>>

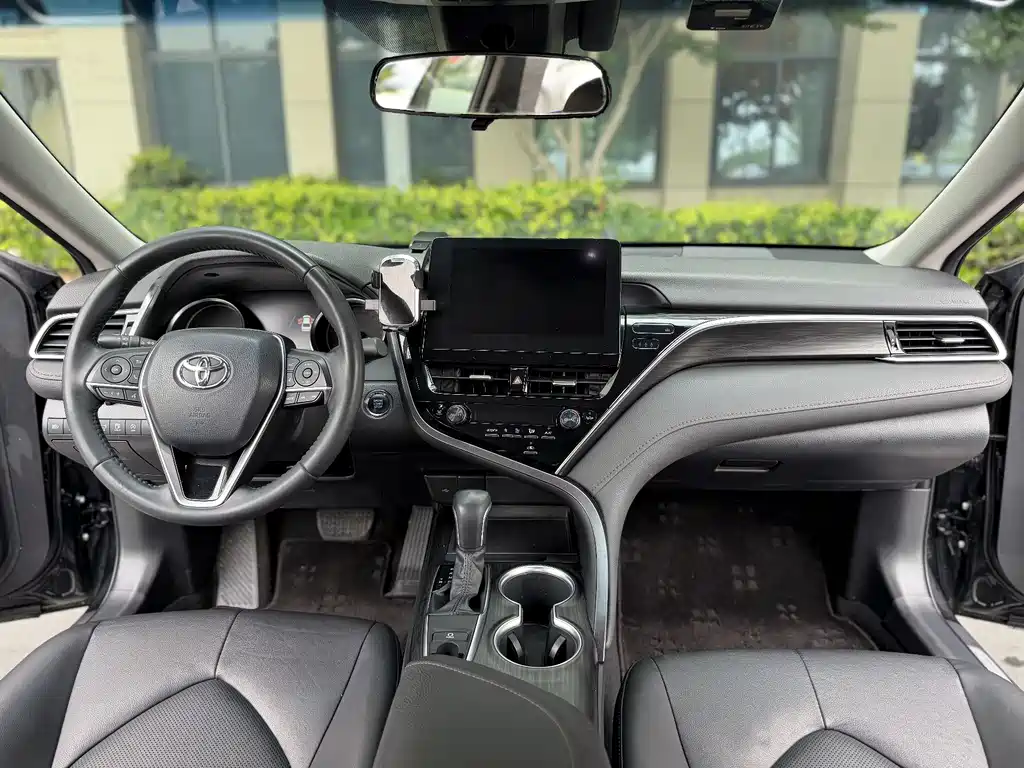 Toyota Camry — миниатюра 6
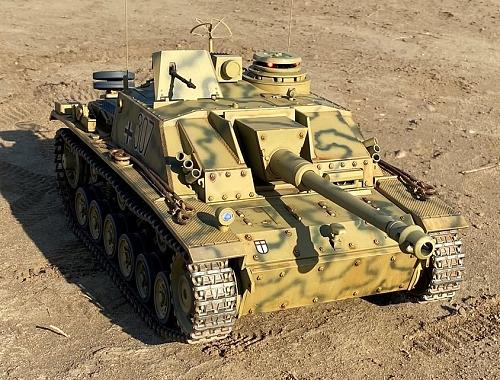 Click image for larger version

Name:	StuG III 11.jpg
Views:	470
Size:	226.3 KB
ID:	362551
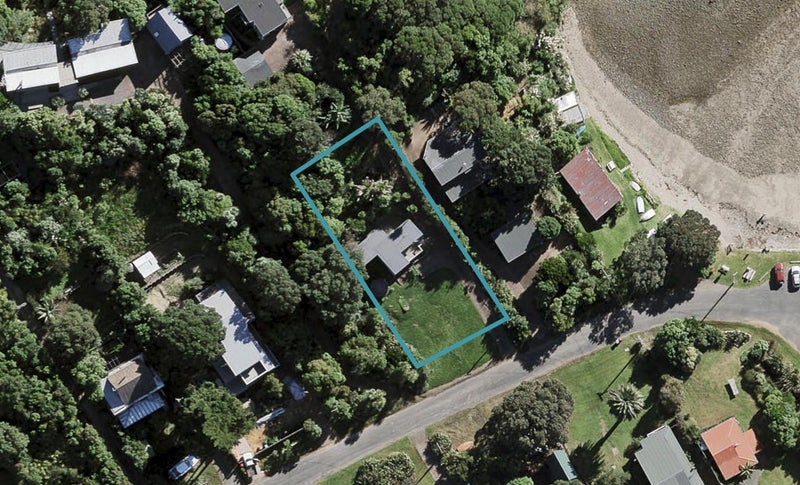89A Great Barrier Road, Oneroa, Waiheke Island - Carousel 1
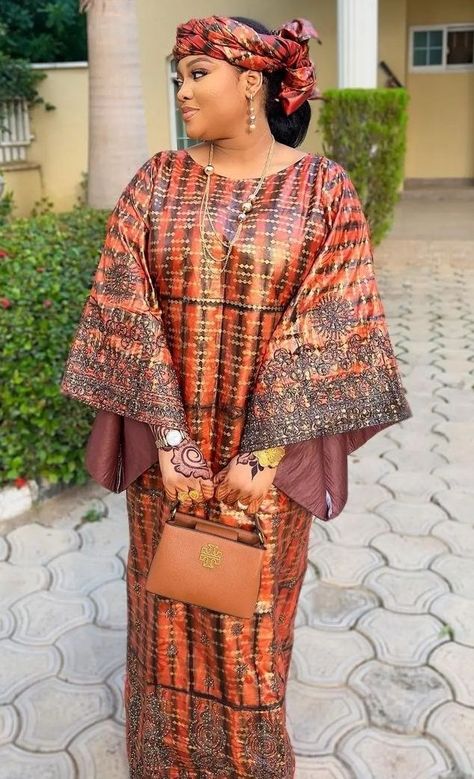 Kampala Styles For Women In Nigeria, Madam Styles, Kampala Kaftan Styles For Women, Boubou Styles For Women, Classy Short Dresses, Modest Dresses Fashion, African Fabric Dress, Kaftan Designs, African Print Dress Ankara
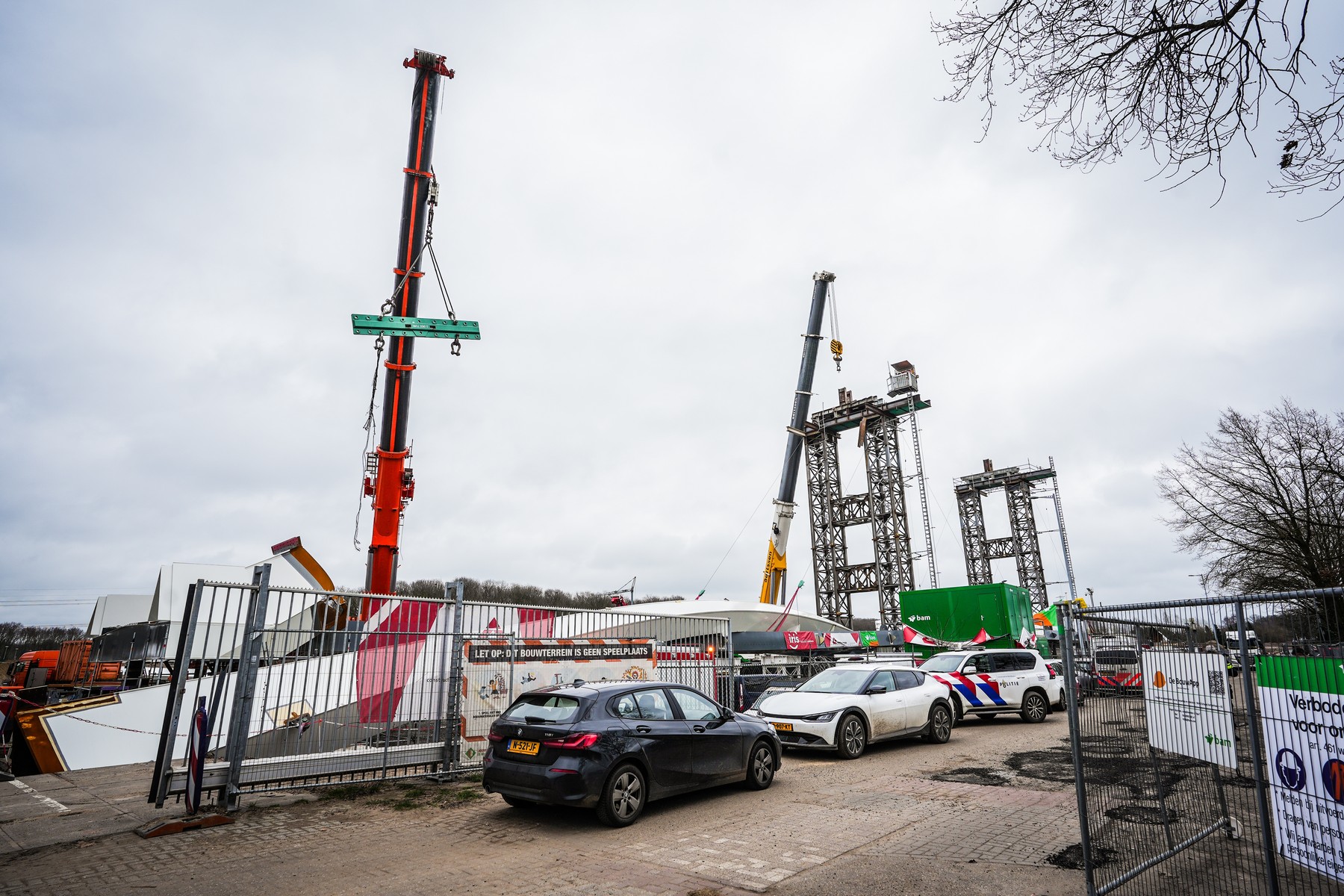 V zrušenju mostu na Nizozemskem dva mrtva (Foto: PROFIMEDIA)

<<
>>

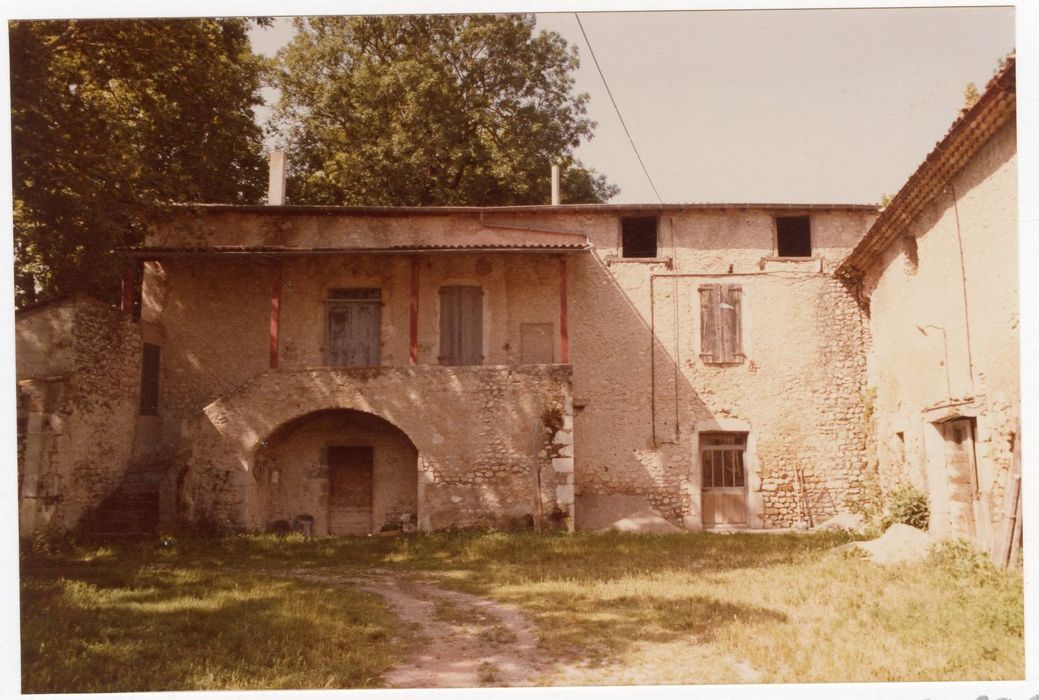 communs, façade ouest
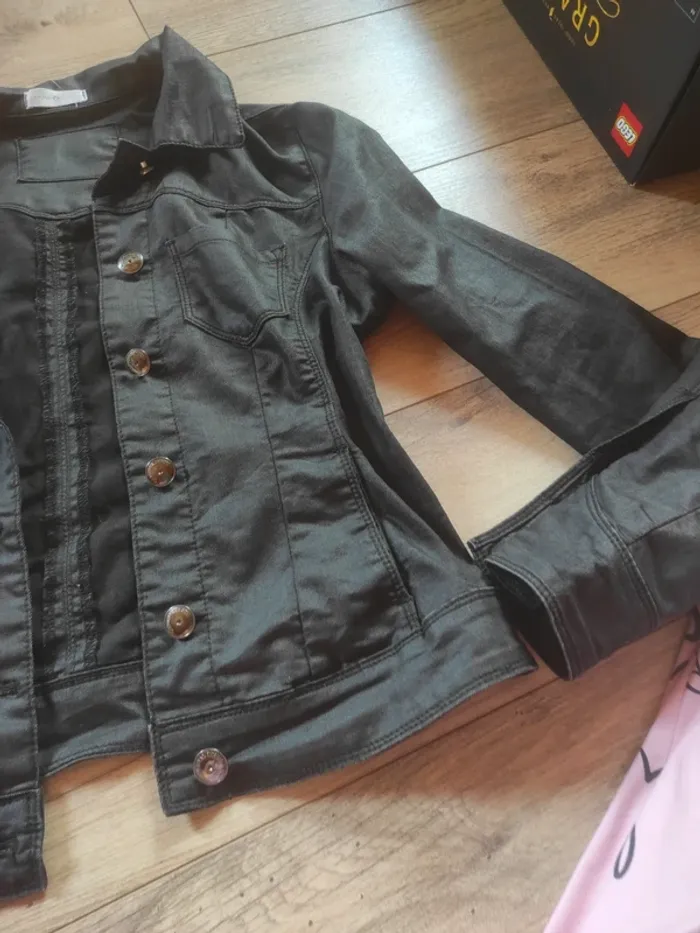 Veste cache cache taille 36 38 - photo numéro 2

<<

All that is wanted is the lines above between the one containing "Click image for larger version" and the one containing "V zrušenju mostu", inclusive, restated word for word, with pictures omitted.

 Click image for larger version

Name:	StuG III 11.jpg
Views:	470
Size:	226.3 KB
ID:	362551
89A Great Barrier Road, Oneroa, Waiheke Island - Carousel 1
 Kampala Styles For Women In Nigeria, Madam Styles, Kampala Kaftan Styles For Women, Boubou Styles For Women, Classy Short Dresses, Modest Dresses Fashion, African Fabric Dress, Kaftan Designs, African Print Dress Ankara
 V zrušenju mostu na Nizozemskem dva mrtva (Foto: PROFIMEDIA)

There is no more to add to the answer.